Having an estate plan is absolutely essential for anyone in New Jersey that wants to make sure that his or her assets are distributed to the people and in the manner that he or she wants. One of the selling points for estate planning is the goal of keeping a family from having to go through probate in order to inherit those assets. However, in many cases, probate is not the dreadful experience that it is made out to be.
Every will has to be filed with the court and probated. The difference that estate planning makes is whether a person’s assets have to go through the probate process as well. For many estates, it is not necessary and may actually do more harm than good to move assets prior to death.

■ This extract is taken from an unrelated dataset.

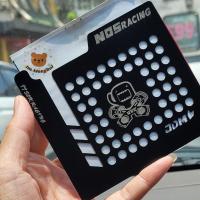 ราคา พรบ 3m กรอบป้ายพรบ ป้ายพรบรถยนต์ แบบใหม่แบบสับ ป้ายพรบ NOS (18688708190)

For many people, putting their assets into joint ownership with a family member may seem like a good way to avoid probate, but it could also cause the person that originally owned the asset to lose control over what happens to it. As far as trying to avoid estate taxes, the majority of people no longer has to worry about that issue since the exemption is so high. There are still legitimate reasons to avoid probate, but the average person in New Jersey may not need it.
Probate also has some advantages when dealing with creditors of the decedent and fighting family members. Creditors have only so long to file a claim against an estate before they are permanently barred from trying to collect the debt. The primary purpose of probate is to make sure that the decedent’s wishes are carried out. Having the court involved may keep family members from fighting both each other and the provisions of the will.